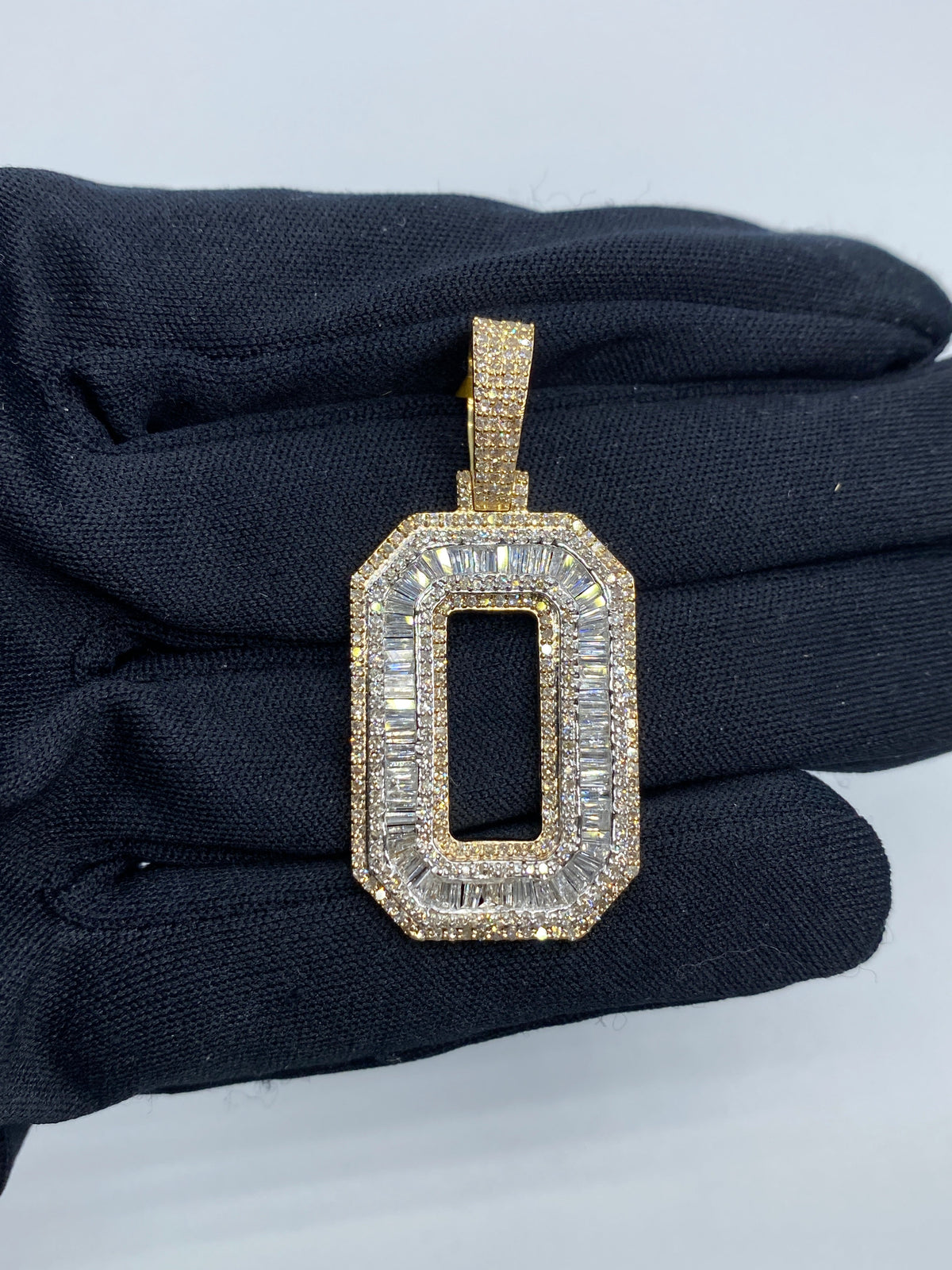 Initial O Baguette Diamond Pendant in yellow - close-up product photo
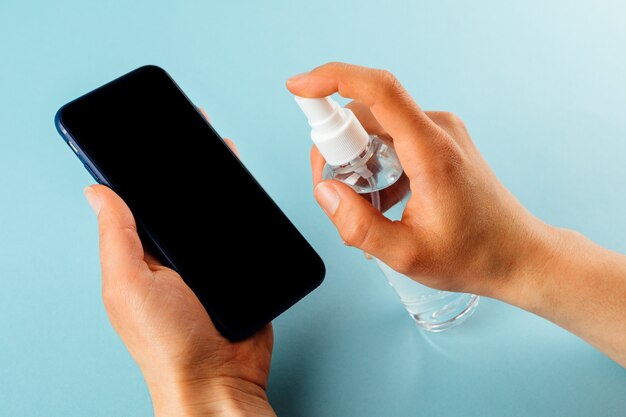 Hands spraying sanitizer on a phone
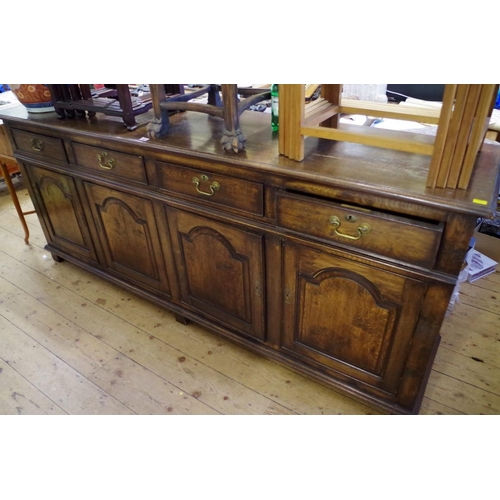 1861 - A good reproduction large oak dresser base, by Brights of Nettlebed, 212cm wide.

• About this exercise:
Your output must consist only of the lines from the line with "Hands spraying sanitizer on a phone" through the final line of the data, both included, reproduced exactly and free of pictures.

• Result:
 Hands spraying sanitizer on a phone
 1861 - A good reproduction large oak dresser base, by Brights of Nettlebed, 212cm wide.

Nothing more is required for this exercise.